What both parties contributed in non-financial ways, or what others may have contributed on their behalf. This can include caring for a child, housework, running a business or home maintenance and renovations

Consider the short terms and long-term needs of both parties after separating, such as:

  • How old both parties are, and what their health is like
  • If there are children, who will have care
  • How much both parties earn
  • What future employment opportunities and earning ability both parties will likely have

These factors can significantly play a part in the outcome of court proceedings.

The court will then assess if the outcome is fair, or appropriate, after considering the many variables at hand. There may also be a superannuation split at this stage of proceedings if not accounted for prior.

What property is included for division between a de facto couple?

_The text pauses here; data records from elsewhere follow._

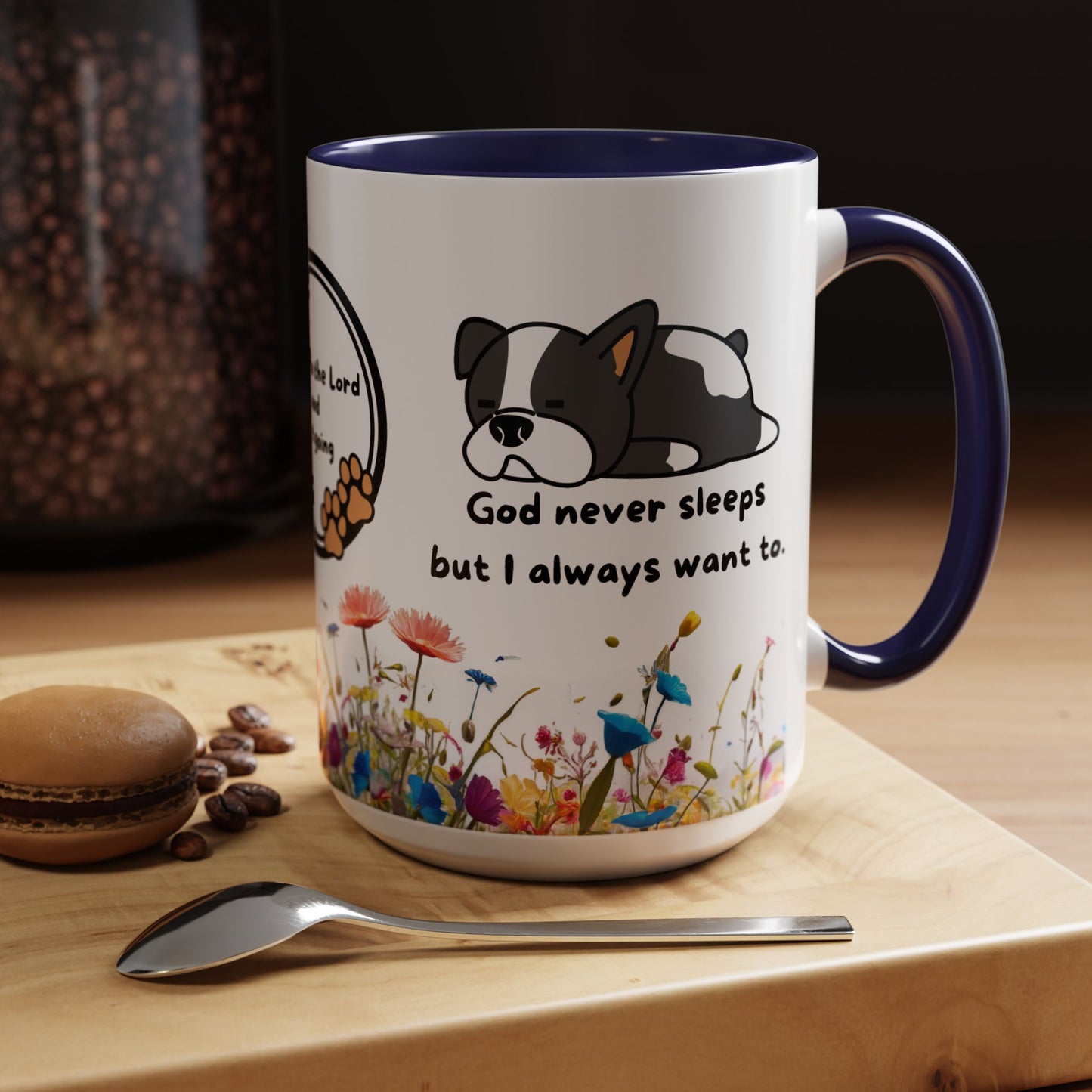 Christian 11oz and 15oz Accent Coffee Mug ’God never sleeps’ (with flowers) - 15oz / Navy - Mug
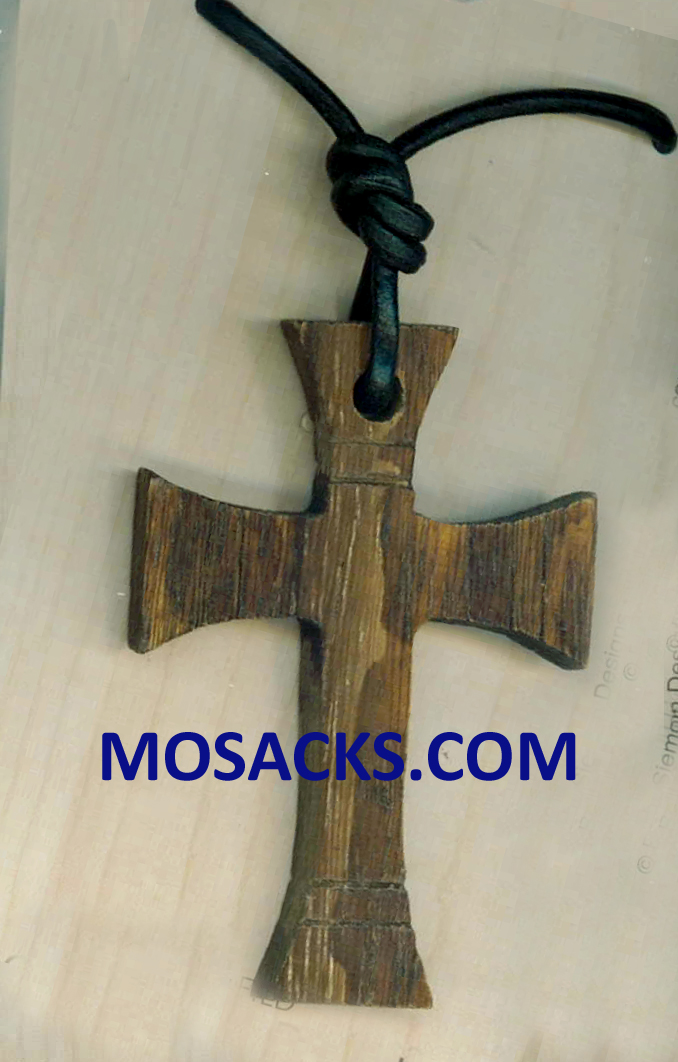 2" Wood Cross Pendant 2 Inch Engraved Ends Wood Cross on black cord Necklace 353-5103285509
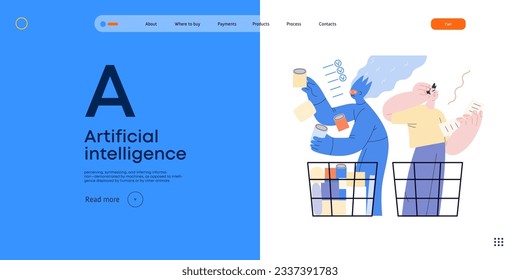 Inteligencia artificial, Shopping-moderna ilustración de concepto de vector plano de IA que efectivamente elige comestibles y el hombre tiene dificultades. Metáfora de la ventaja de IA, superioridad y concepto de dominación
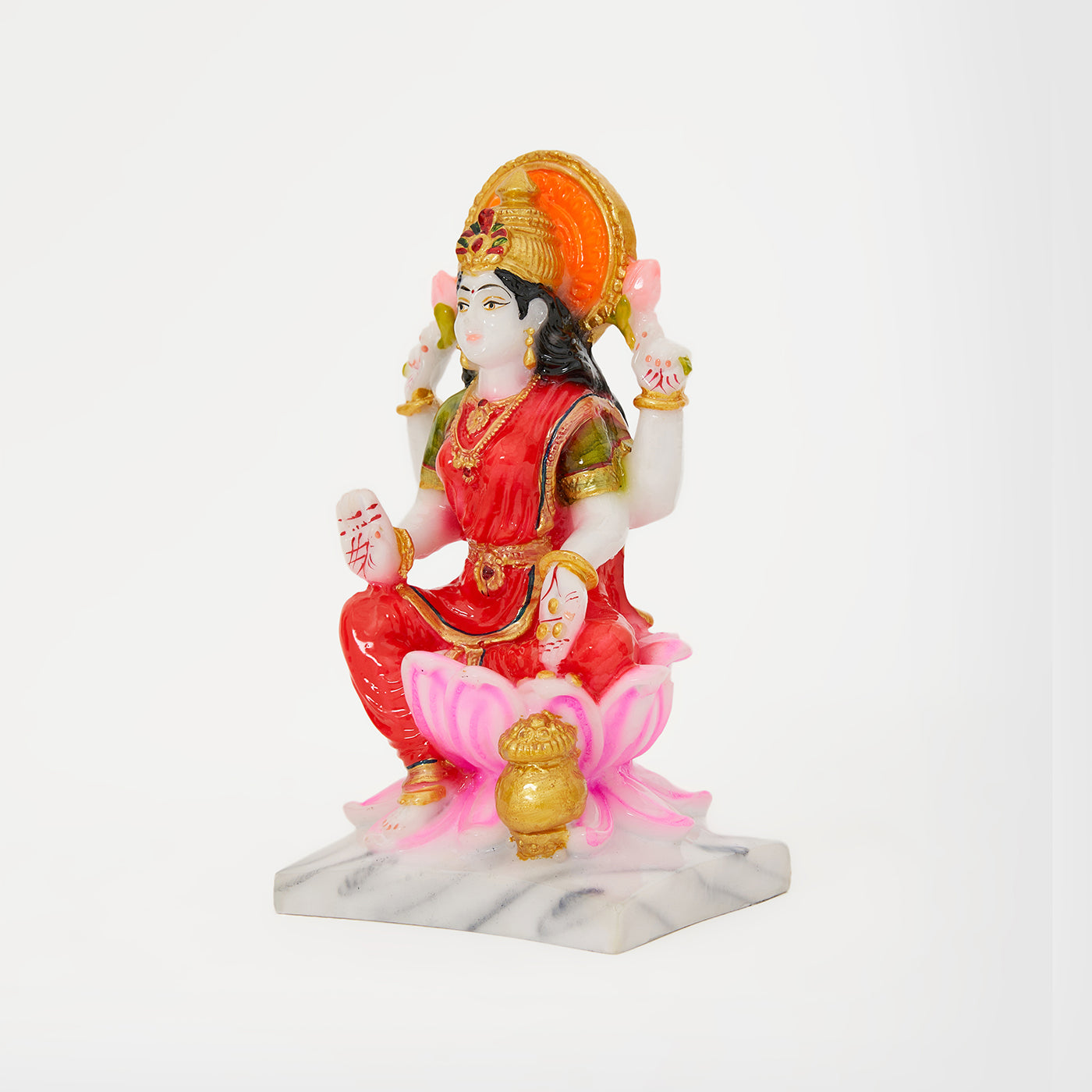 Marble Dust Goddess Laxmi | Mata Lakshmi Idol - Multicolor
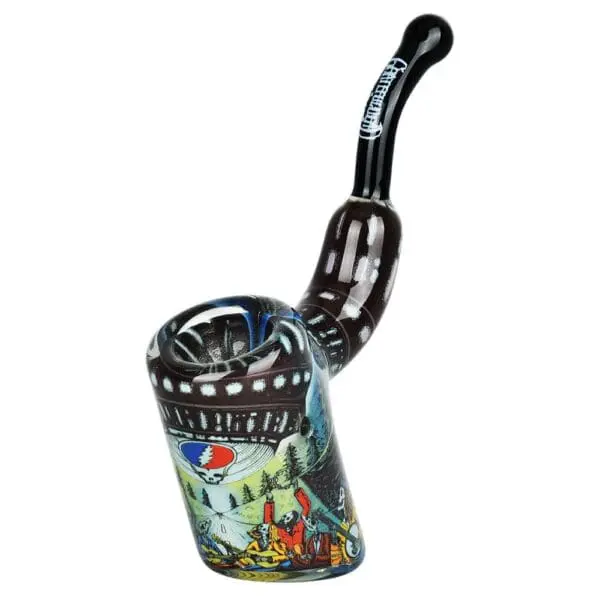 Grateful Dead x Pulsar Inside Print Bent Sherlock Pipe - Haze Smoke Shop USA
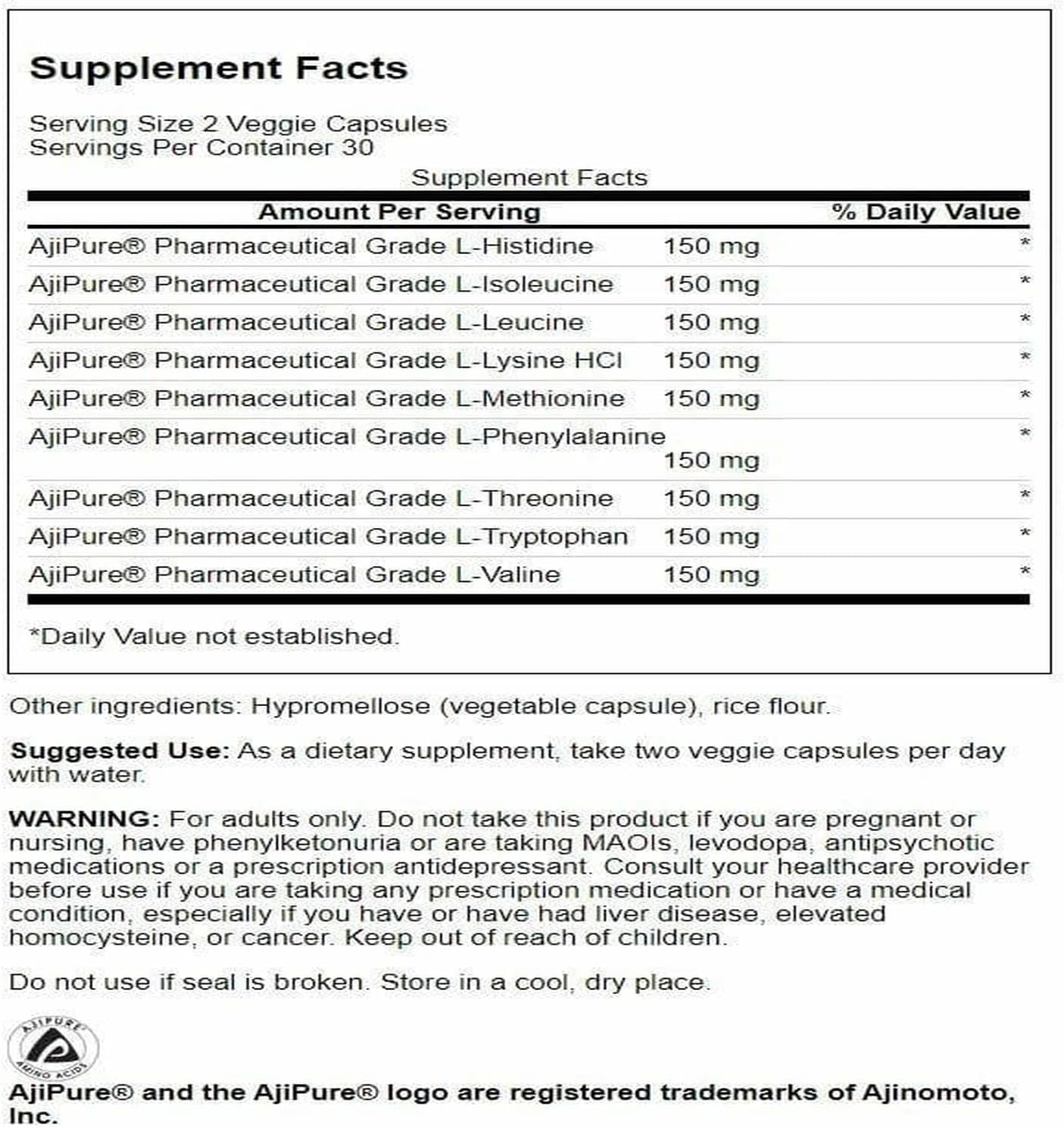 Swanson AjiPure 9 Essential Amino Acid Formula, 60 Veg Capsules | Comprehensive Formula with All 9 Essential Amino Acids for Peak Fitness Support, Promotes Muscle Health and Recovery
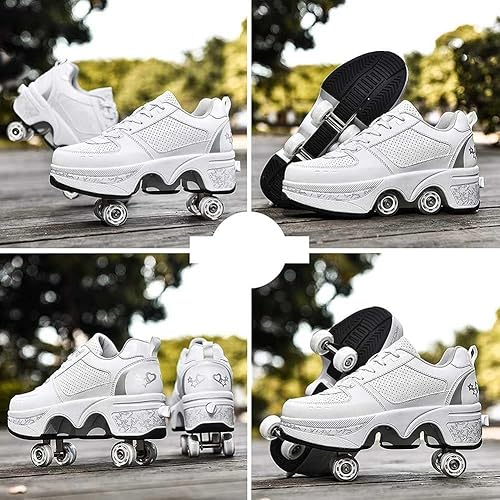 Miniatura 4 de Tenis automáticos para caminar con ruedas de dos filas, patín 2 en 1 con poleas desmontables de deformación invisible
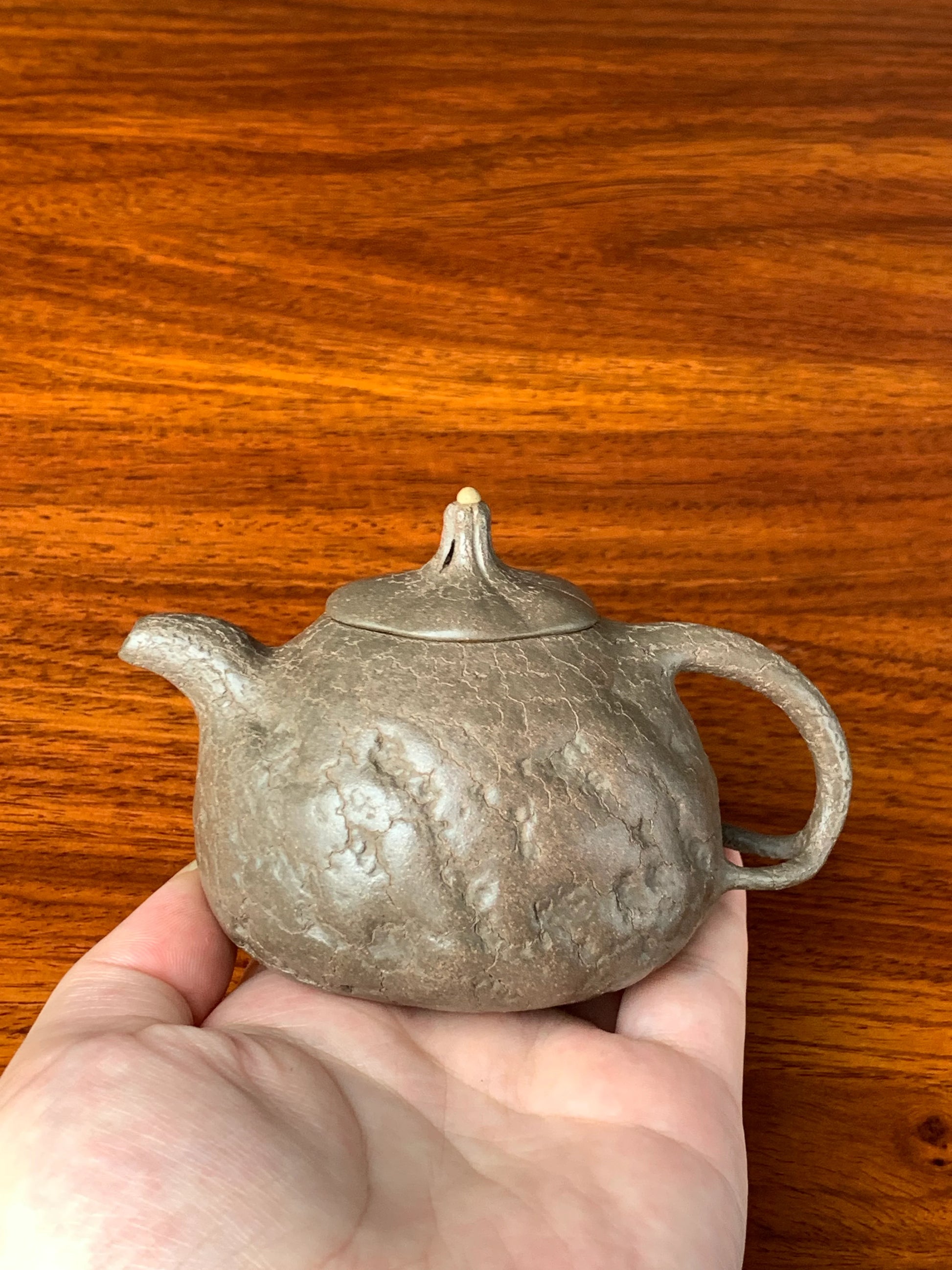 collectible teapot named gong chun in the hand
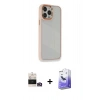 MARSİLYAN™- iPhone 14 Pro Max Kılıf Eksen Doku Prime - Siyah Bilvis 5in1 5D Magic Hayalet Cam Ekran Koruyucu + Gold Bilvis Titan Kamera Lens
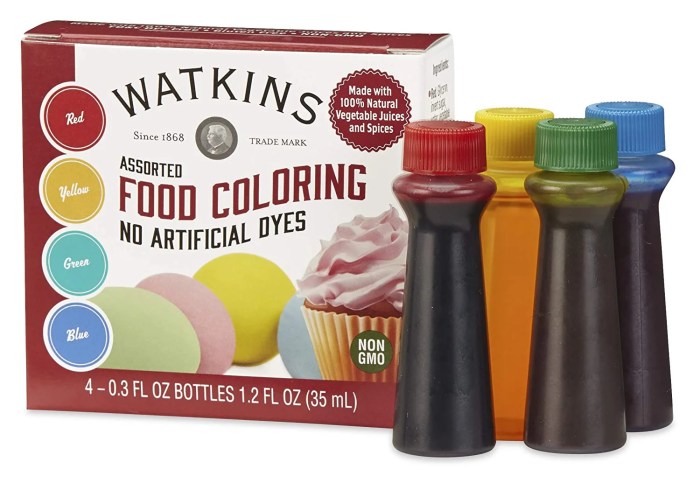 Watkins assorted food coloring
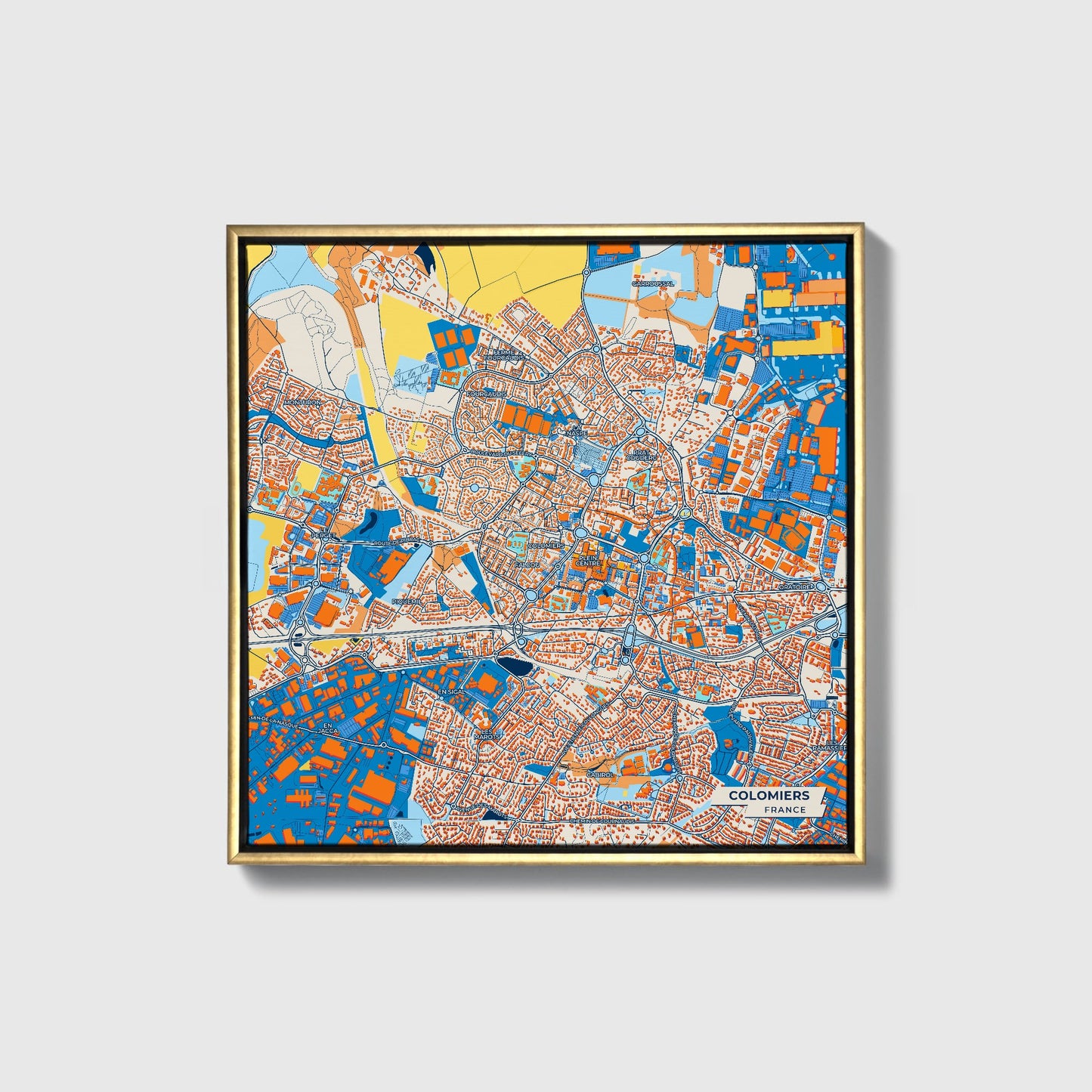 Colomiers France Colorful City Map Canvas Print • Gold Framed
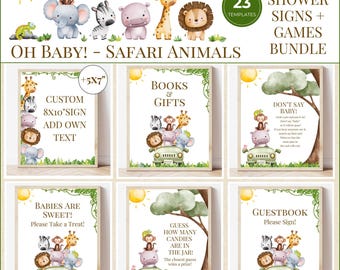 Oh Baby Safari Animals Theme Baby Shower 23 Signs & Games Bundle Printable Templates, Jungle Greenery Decor Editable Gender Neutral Tabletop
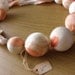 Peaches & Cream Naturally Dyed Printed Silk Scarf Ball Necklace, Womens Organic Spring Accessory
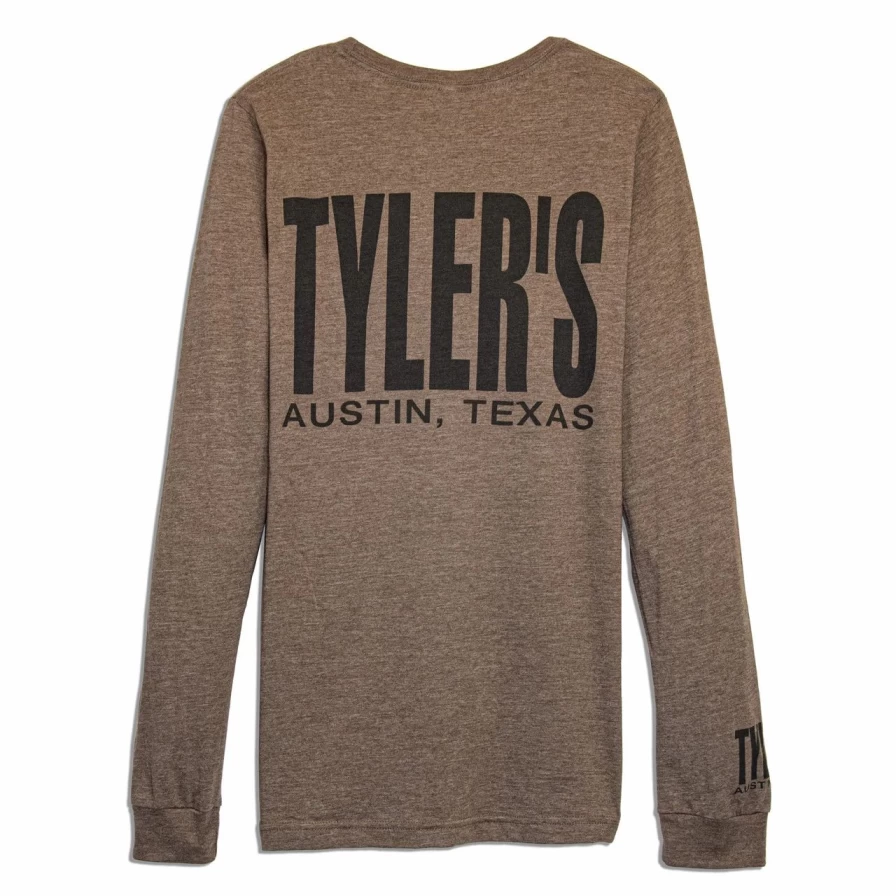 Men's Vintage Brown & Black Long Sleeve Track Tee - Retro Athletic Style Top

When negotiating property splits, all types of property, and interests in them, are considered. This includes:

  • Real estate
  • Businesses
  • Partnerships, trusts and private companies
  • Shares and other investments
  • Bank accounts
  • Art, wine collections and jewellery
  • Household belongings, and furniture
  • Cars, boats, caravans and motorbikes
  • Assets that are overseas
  • Debts – both parties’ debts will be considered as part of the asset pool

It doesn’t matter if assets are joined jointly, individually, or with third parties, they will be assessed.

In some instances, if one party controls a property, even if they don’t own it, this may be divided in a property settlement. This includes assets that may have been transferred to someone else, or family trust assets.

Inheritances that are expected are rarely considered property, but may still be assessed as a part of an individual’s long-term ability to manage financially. They are often seen as a ‘financial resource’, the same way that long service leave or other owed payments, such as outstanding loans or royalties may be.